Ahad 27 Jun 2021 20:10 WIB

15 Persen Nakes di RS Kota Bekasi Terpapar Covid-19

Situasi ini membuat RS tak dapat menambah Unit Gawat Darurat.

Rep: Uji Sukma Medianti/ Red: Joko Sadewo
Dua orang tenaga kesehatan beristirahat sejenak saat menunggu pasien di ruang isolasi COVID-19. Diperkirakan ada 10 hingga 15 persen Nakes yang tertular Covid-19. (Foto ilustrasi)
Foto: ANTARA/Adeng Bustomi
Dua orang tenaga kesehatan beristirahat sejenak saat menunggu pasien di ruang isolasi COVID-19. Diperkirakan ada 10 hingga 15 persen Nakes yang tertular Covid-19. (Foto ilustrasi)

REPUBLIKA.CO.ID, BEKASI — Diperkirakan 10 sampai 15 persen tenaga kesehatan (nakes) yang bekerja di rumah sakit swasta Kota Bekasi terpapar Covid-19.

“Jumat kemarin kami koordinasi, tercatat rata-rata di RS, nakes terpapar 10-15 persen dari total karyawan yang ada,” kata Ketua Asosiasi Rumah Sakit Swasta Indonesia (ARSSI) Kota Bekasi, Eko Nugroho, saat dihubungi Republika.co.id, Ahad (27/6).

Eko belum dapat merinci berapa jumlah pastinya, sebab karyawan rumah sakit jumlahnya berbeda-beda. Menurutnya, masing-masing RS berbeda.

Untuk saat ini, kata dia, ada 39 RS swasta di Kota Bekasi yang menjadi rujukan Covid-19. Eko menyebut jumlah itu mewakili semua RS swasta anggota ARSSI. Hanya rumah sakit ibu dan anak saja yang tidak menjadi rujukan. “Semua RS swasta anggota ARSSI Kota Bekasi kecuali tipe RS Ibu dan Anak menjadi rujukan, jumlahnya ada 39 RS,” tutur dia.

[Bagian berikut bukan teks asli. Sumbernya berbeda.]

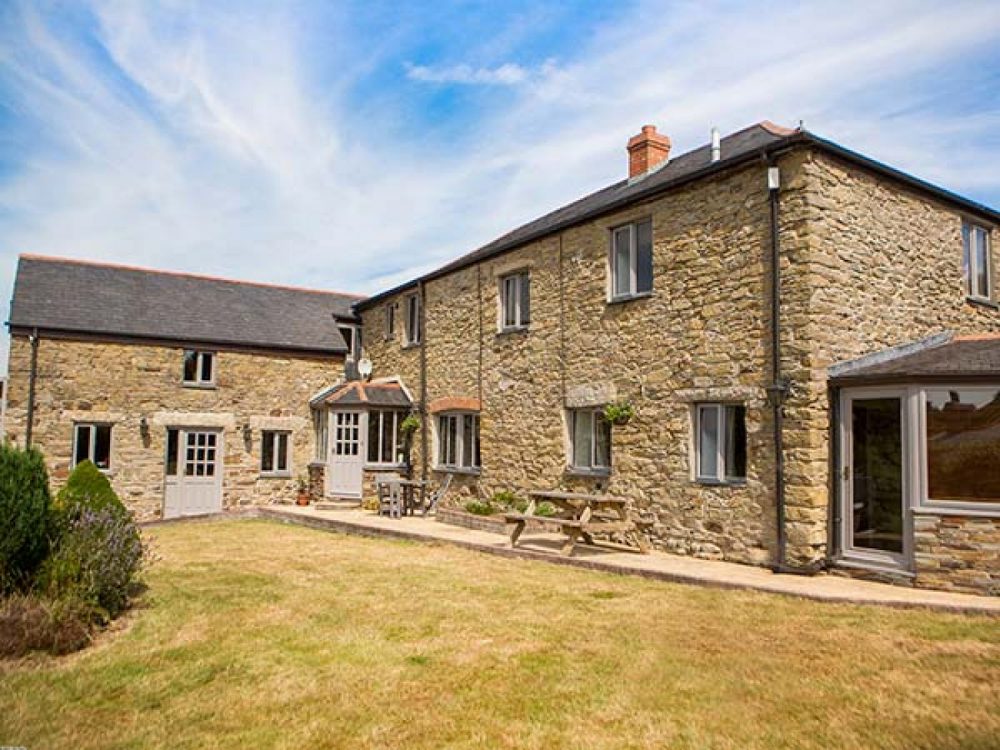 large cottages in truro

Dengan adanya nakes yang terpapar ini, membuat situasi RS tak dapat menambah Unit Gawat Darurat (UGD). “Mempertimbangkan nakes yang juga berkurang karena terpapar covid, sepertinya strategi menambah daya tampung di UGD belum dapat dilakukan,” kata Eko.

Untuk saat ini RS swasta belum dapat menambah lowongan nakes baru. Kendati, masih, kata dia, ada beberapa rumah sakit yang melakukan rekrutmen tenaga tambahan. “Kita hanya mengalokasikan tenaga yang ada. Tapi ada beberapa rumah sakit berupaya untuk merekrut yang baru,” jelasnya.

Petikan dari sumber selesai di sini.